The Vienna pensioner - identified only by her first name, Gertrude - warned that Norbert Hofer's far-right Freedom Party (FPOe) was designed to "bring out the worst in people" and labeled it a throwback to the anti-Semitic rhetoric and policies unleashed by the Nazis during the 1930s.
"The thing that bothers me the most is the denigration of others, the attempt to bring out people's most base feelings instead of their decency," the 89-year-old said in the video. "I have seen this once before... and it hurts and scares me".
The video was published on social media late last week by the Green party candidate and Hofer's election rival, Alexander Van der Bellen. By Monday, it had already garnered 3 million views and thousands of comments.
Gertrude was only 16 when she and her family were deported to the Auschwitz death camp. She was the only one from her family to return.
The video has resonated with young people in particular, a demographic Gertrude directly appeals to in the video. She said young voters should ask themseleves when voting, "what could happen if this candidate were to win?"
"This is probably my last election... But young people have their whole lives in front of them and they need to make sure that they're doing well," she said.
FPOe's civil war rhetoric
Most shocking of all, Gertrude said, were remarks made by FPOe leader Heinz-Christian Strache, in which he warned that migrants in Austria could spark a civil war.
"I have witnessed a civil war as a seven-year-old and have never forgotten it.

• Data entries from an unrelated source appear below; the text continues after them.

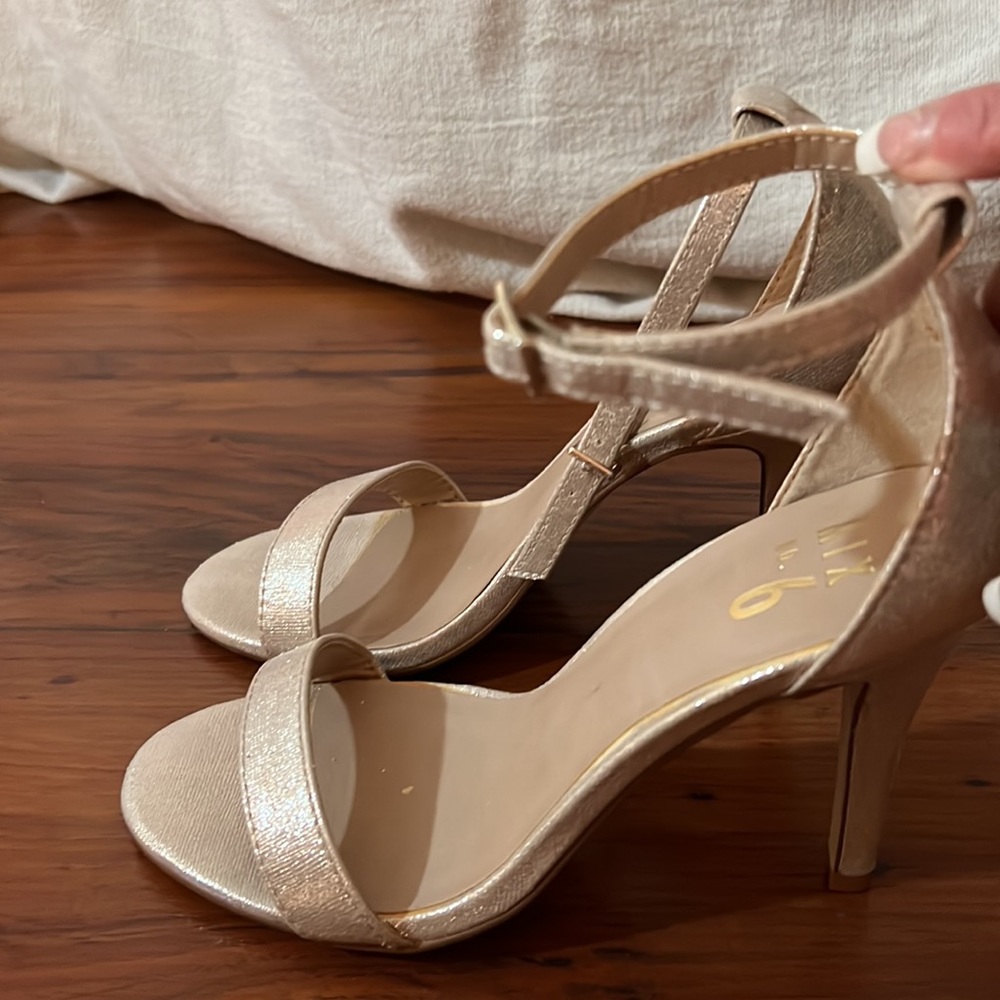 Heels - Picture 2 of 7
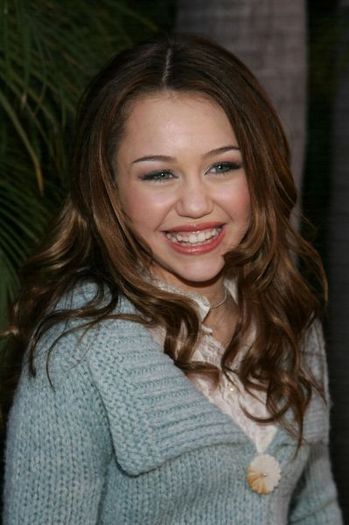 normal_034 - Hannah Montana Press Conference - 10 01 2006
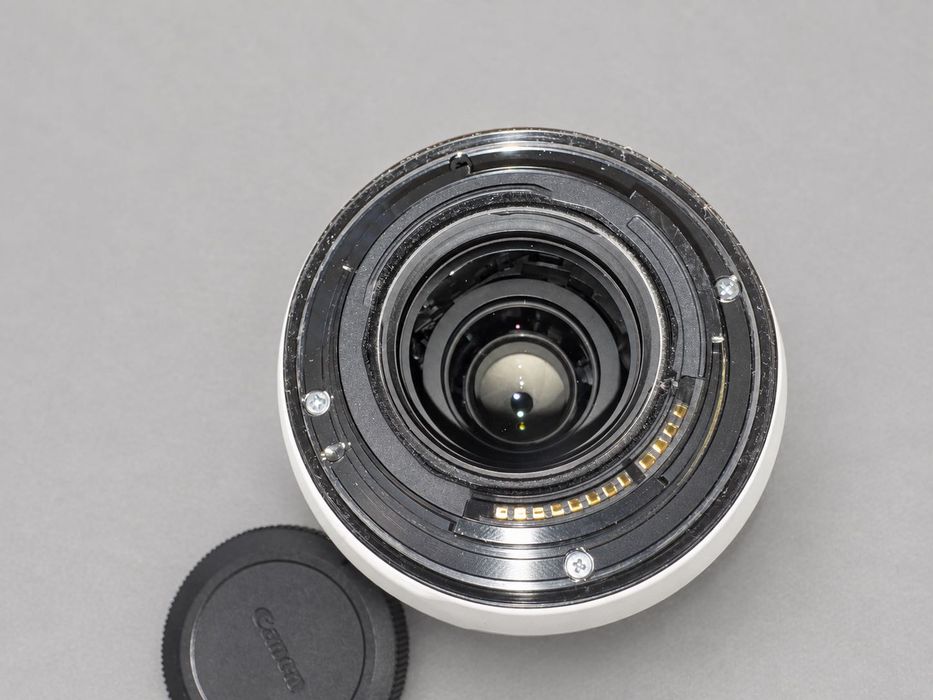 Обектив Canon RF 70-200 F4 L IS USM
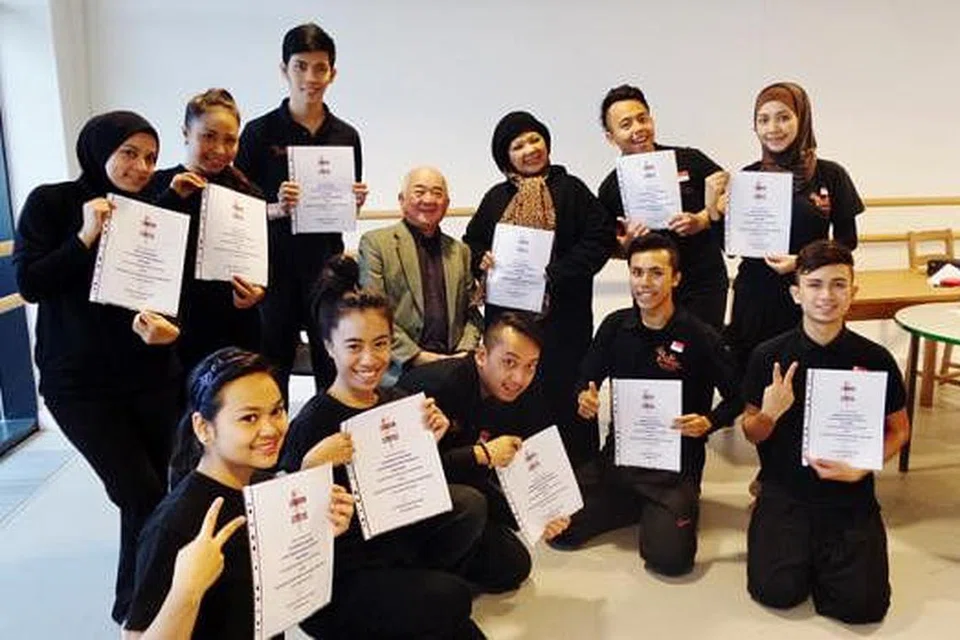 KURSUS DI LONDON: Kumpulan tari Sri Warisan Som Said Perfoming Arts telah menghantar pereka tari dan jurulatih tarian menyertai satu kursus bersama Pensyarah Kanan dan Pengurus Besar sekolah balet dan seni persembahan, London Studio Centre (LSC), Dr Francis Yeoh. - Foto SRI WARISAN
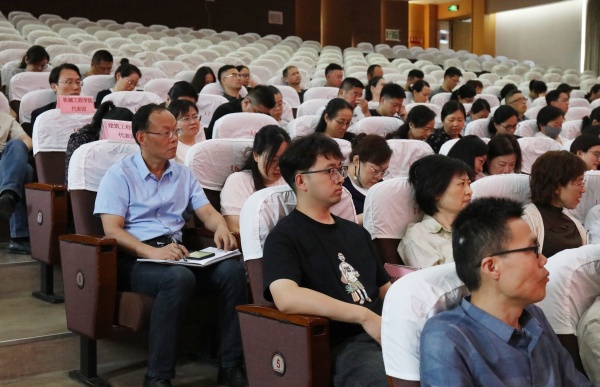 08153633yx9s.jpg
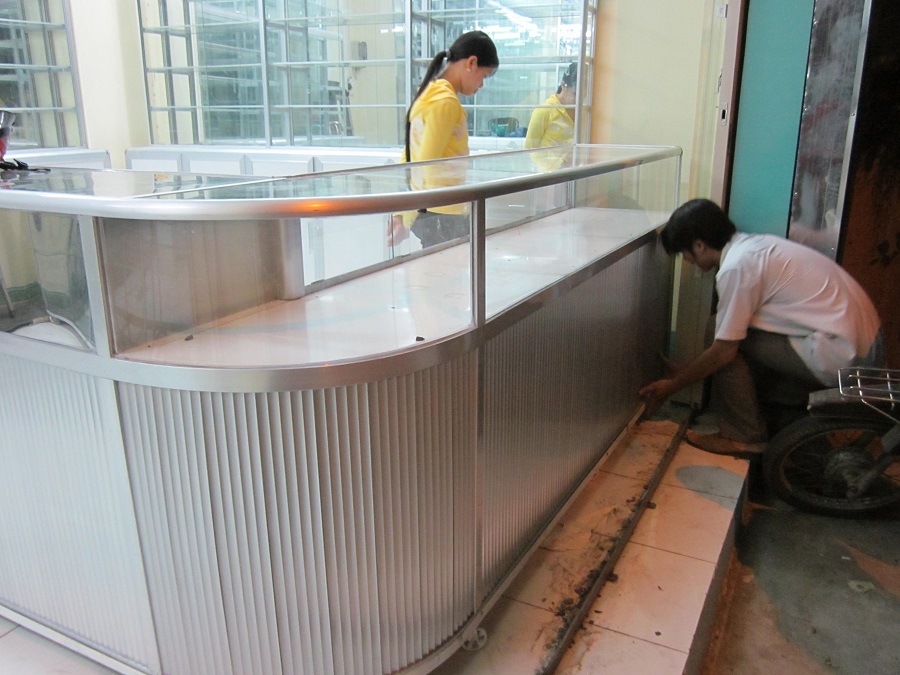 TỦ THUỐC TÂY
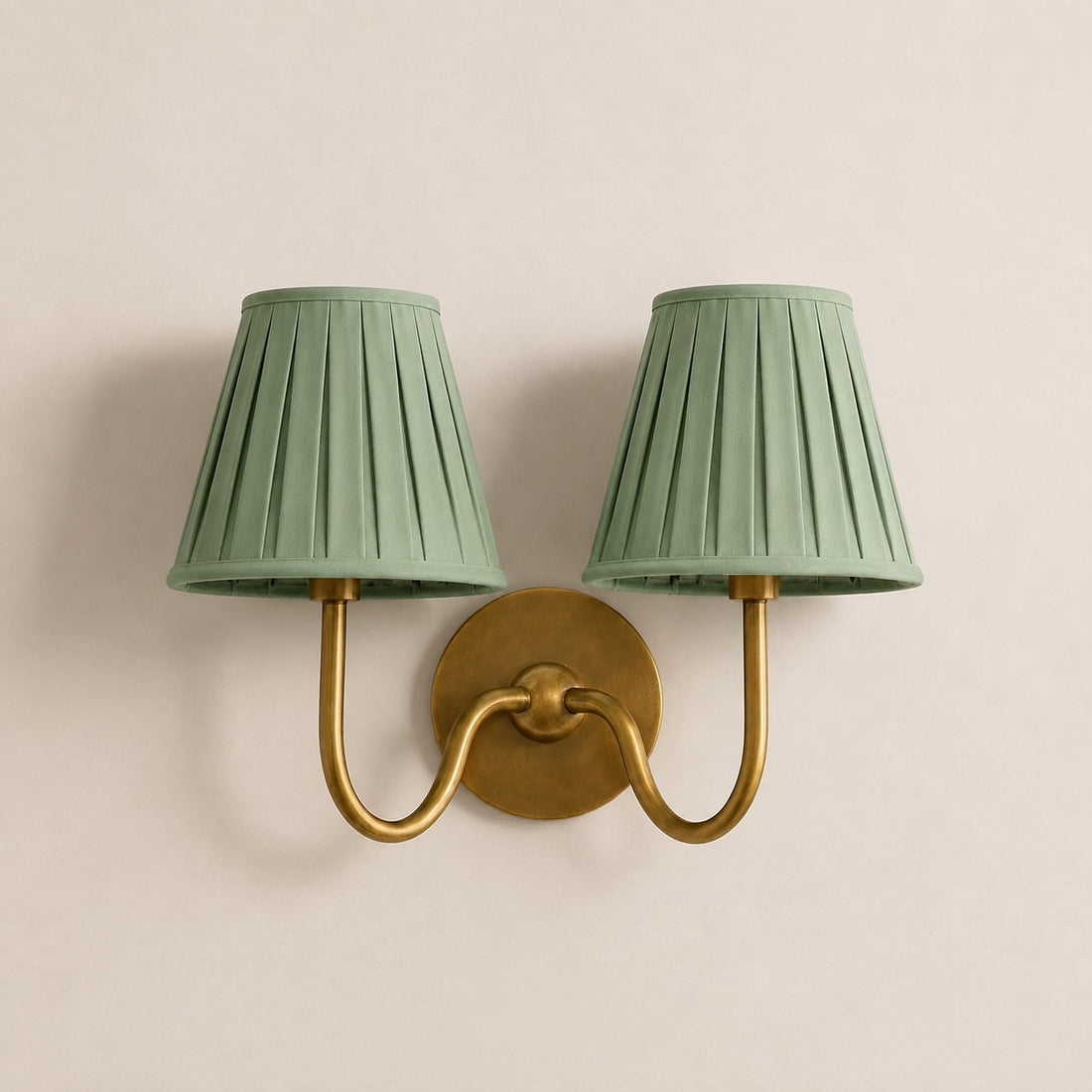 Luvora Vintage Pleated Shade Wall Lamp - Modern Brass Linen Wall Lighting
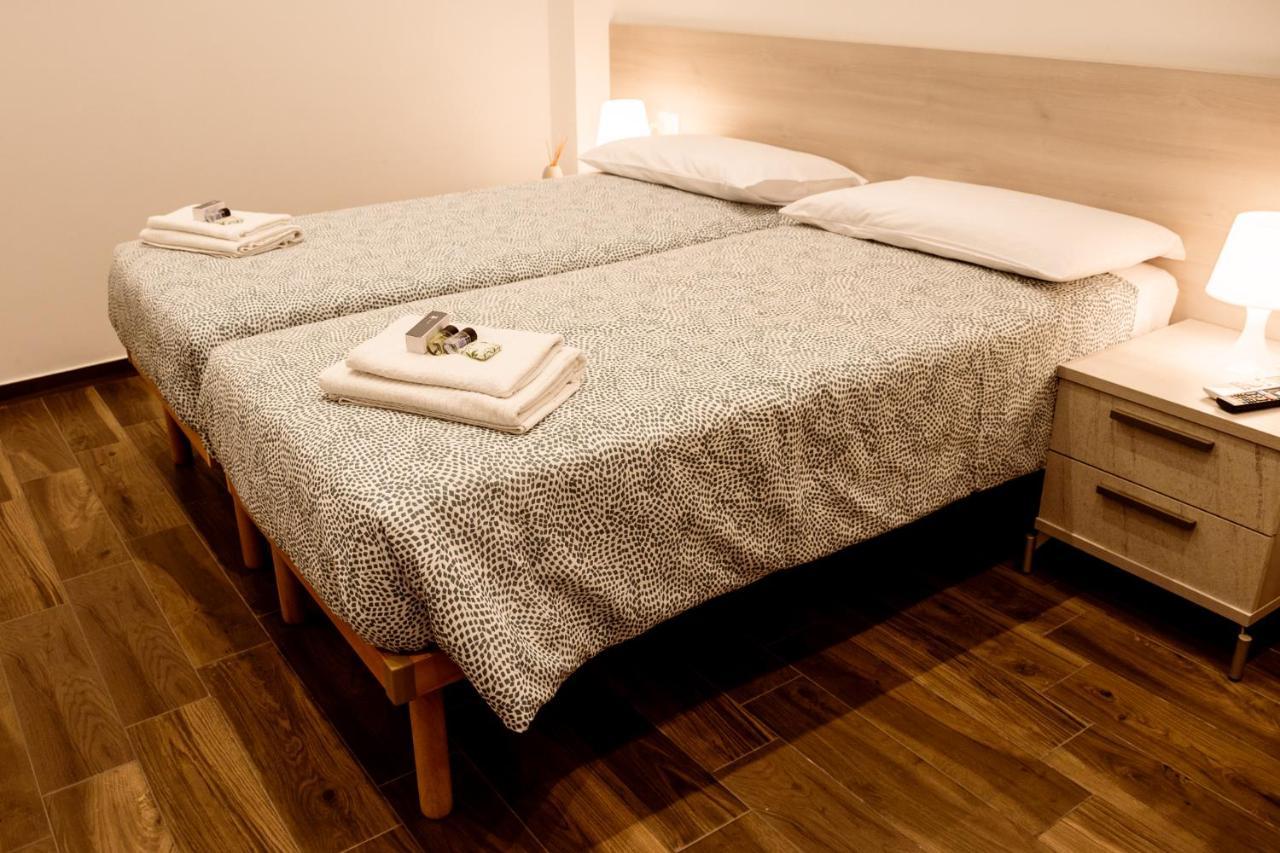 Nonna Vittoria Apartments Mola di Bari Ngoại thất bức ảnh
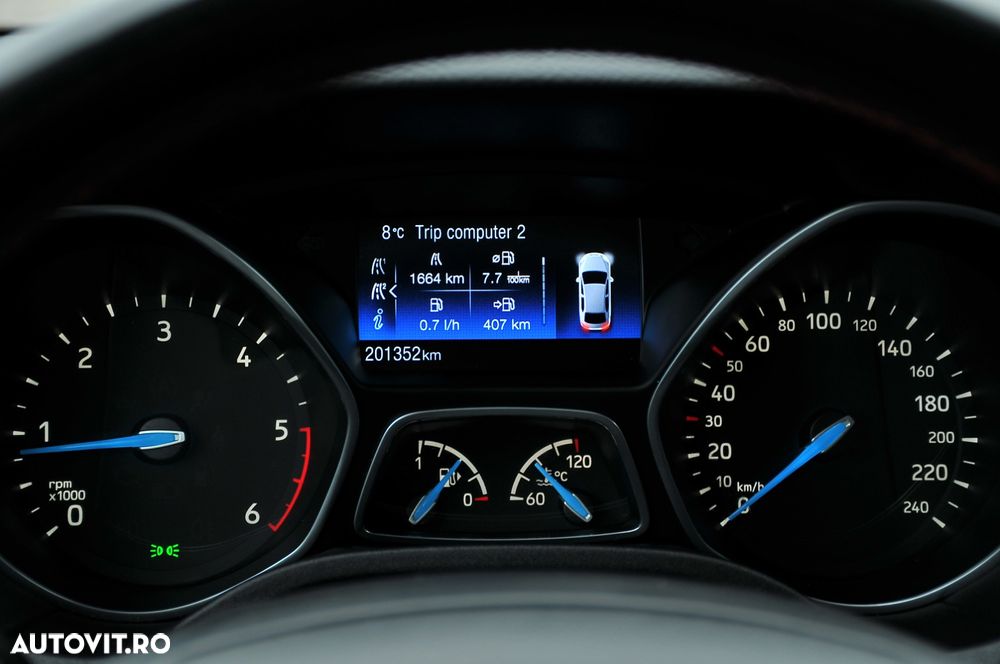Ford Focus 2.0 TDCI ST-Line - 17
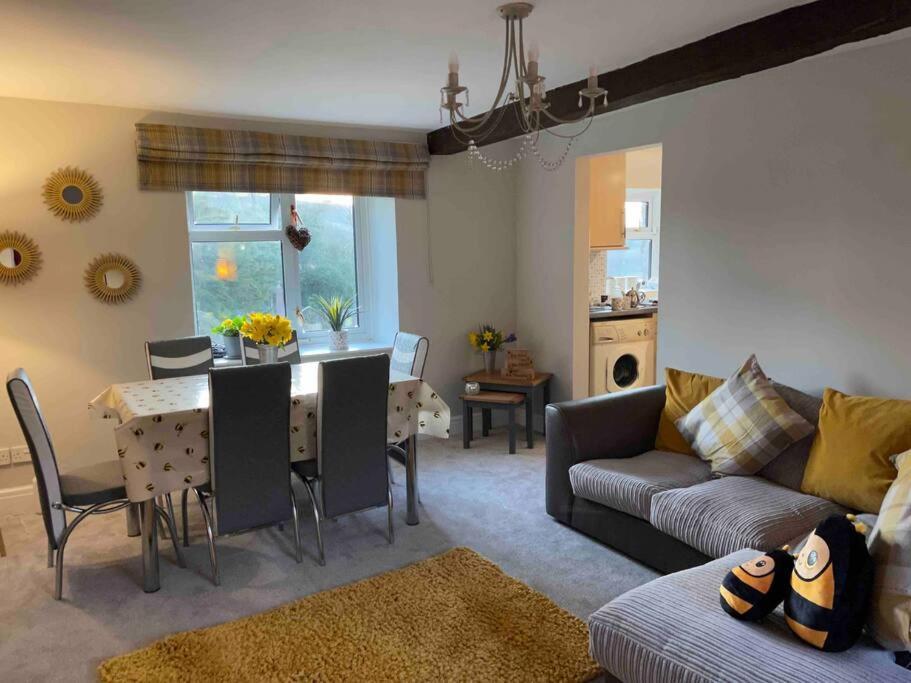 Yew Tree Cottage, 3 Bedroom, 4 Church Row Defynnog Devynock Экстерьер фото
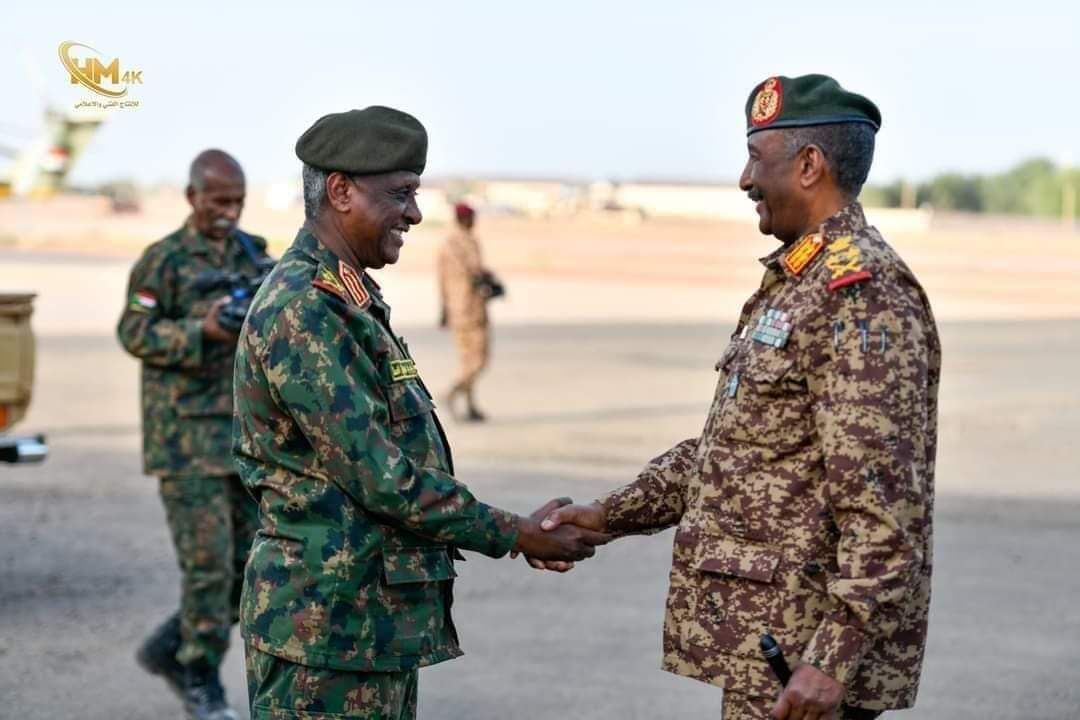 بحضور العطا.. رئيس مجلس السيادة القائد العام يختتم زيارته إلى أمدرمان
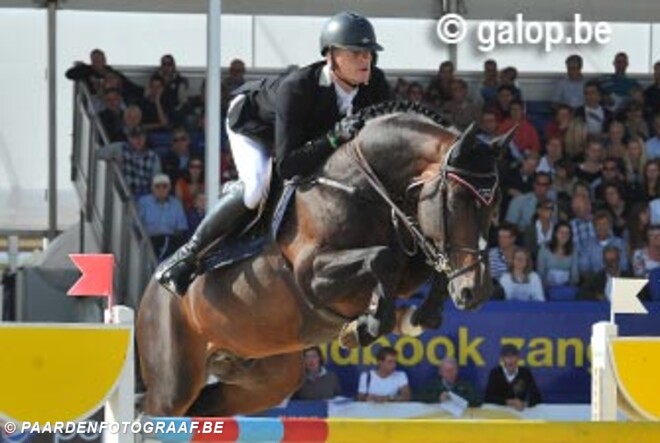 Armani van Overis Z voor Pénélope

That's when I saw my first dead bodies, and unfortunately not the last ones," she said, likely referring to the Austria's 1934 February uprising, a four-day armed conflict that saw several hundred citizens killed.
Austria goes to polls... again
Sunday's election stand-off between Hofer and Van der Bellen is too close to call and comes in the wake of populist successes enjoyed by Donald Trump in the US presidential election and Britain's vote to leave the European Union. Like his populist counterparts, Hofer has gained popular support by stoking concerns over immigration and hounding what he portrays as an out-of-touch elite class.
Should Hofer win, he will become the EU's first far-right head of state.
Van der Bellen narrowly beat his opponent in May by 30,863 votes, before the FPOe successfully got the electoral results overturned over procedural errors. The second re-run was also overturned due to faulty postal envelopes.
FPOe, which was founded by a former general in the Nazi SS in 1955, is also being tipped to win the next Austrian general election, scheduled for 2018.
Responding to her new-found popularity, Gertrude said that she was "pleasantly surprised that the words of an old lady had been taken seriously."